MATERIAL FOR THIS EXERCISE:

####################

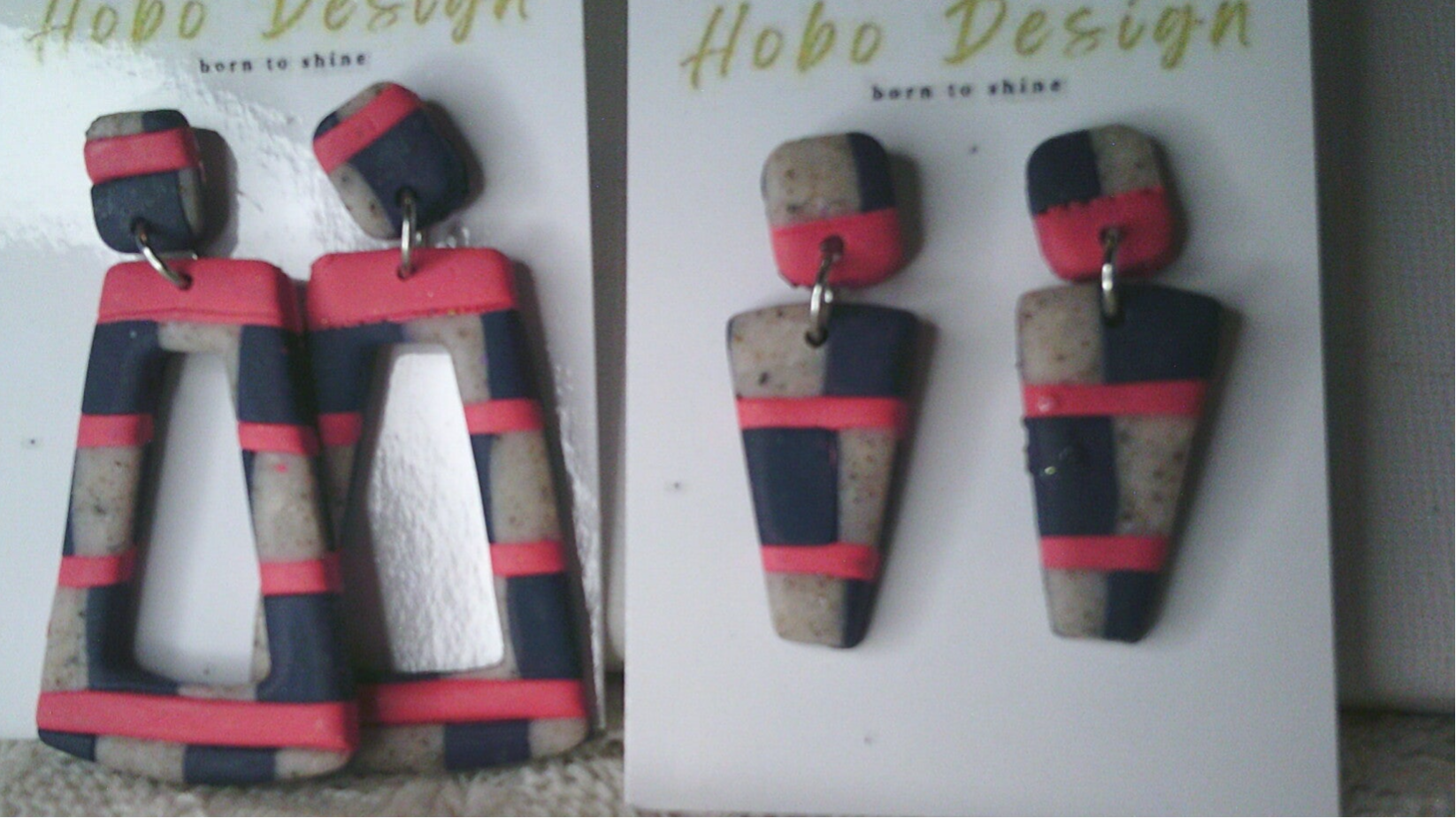 Oorbellen in donkerblauw roze dessin twee modellen.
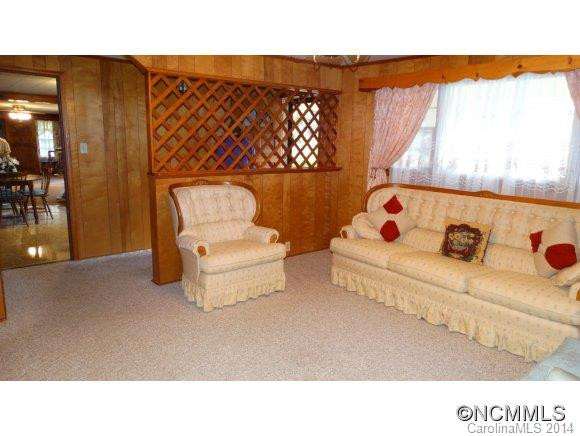 3111 Collinsville Road - Photo 6
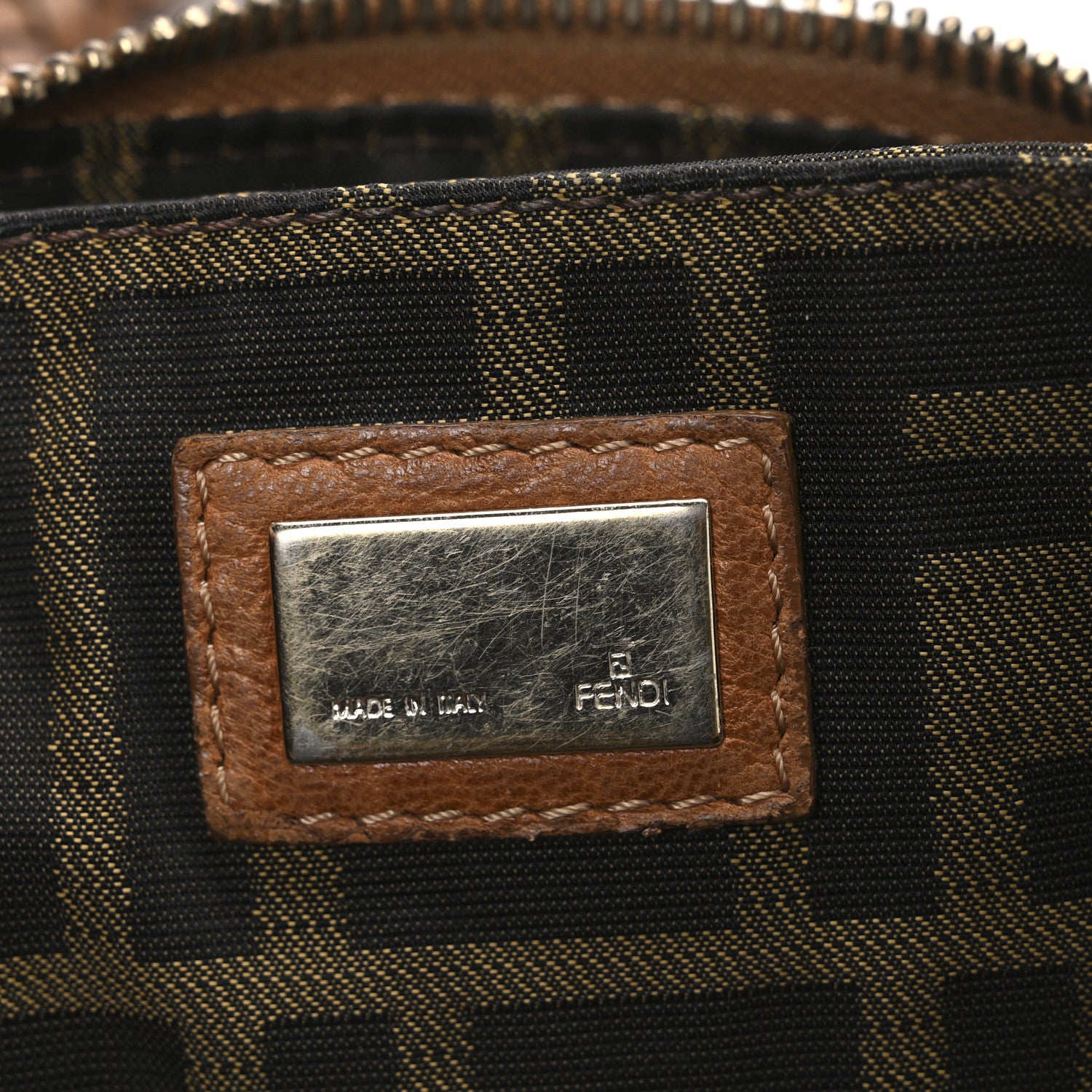 Fendi Nappa Nuvolata Spy Bowler Naturale Oro 6 of 12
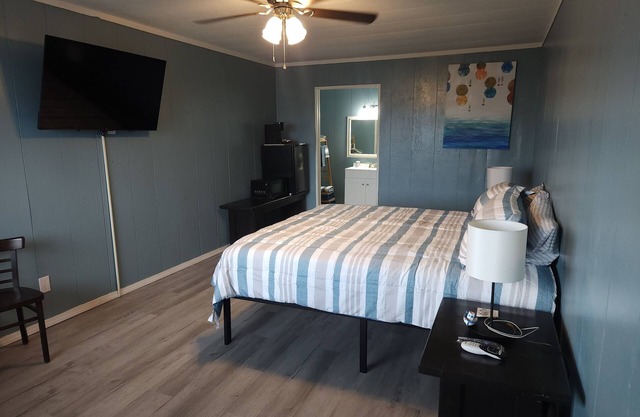 Ground Floor King Suite close to boat ramps.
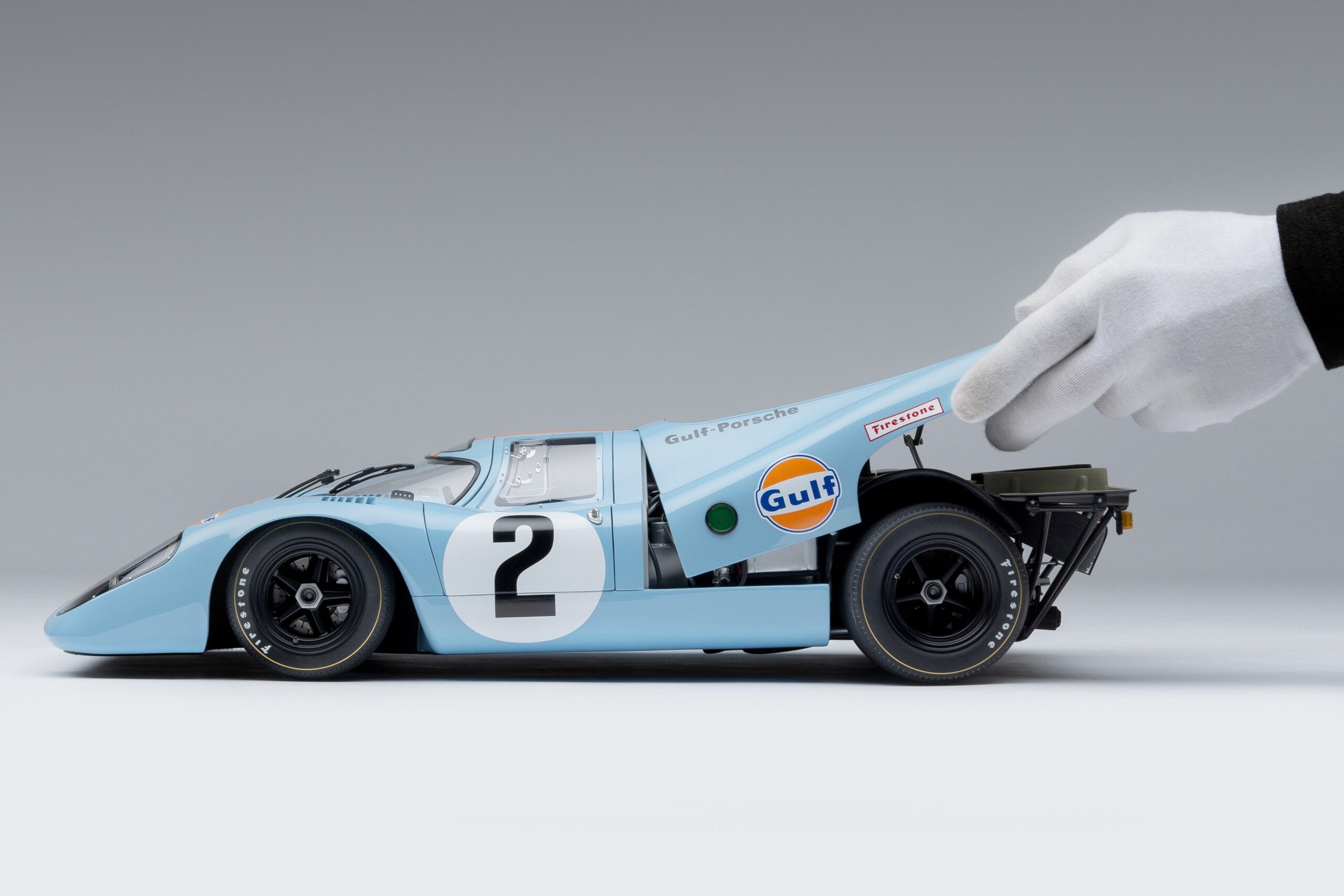 Amalgam Porsche 917K 1970 Daytona Winner Gulf Livery - Hellblau / Orange | 1:8 - Imagen 4
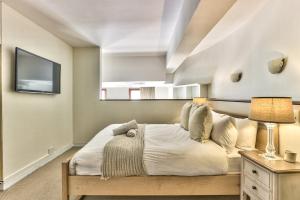 Couples Retreat, Bar, Library, 24 hour Security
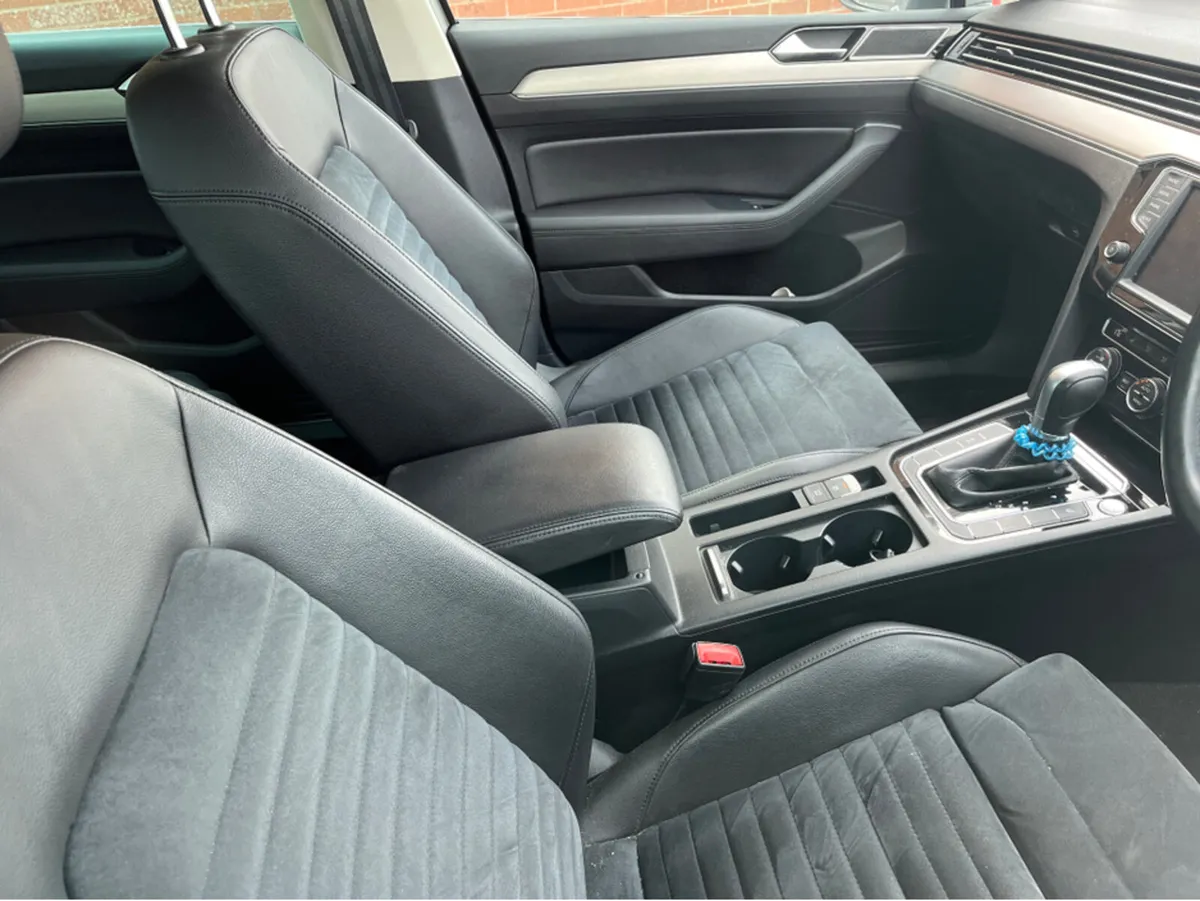 Volkswagen Passat HIGHLINE BE 2.0 TDI D6F 150HP 4D - Image 4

####################

DIRECTIONS: Beginning at the line containing "Couples Retreat, Bar, Library, 24", restate every line through the end of the material above exactly; omit the pictures.

ANSWER TO THIS EXERCISE:
 Couples Retreat, Bar, Library, 24 hour Security
 Volkswagen Passat HIGHLINE BE 2.0 TDI D6F 150HP 4D - Image 4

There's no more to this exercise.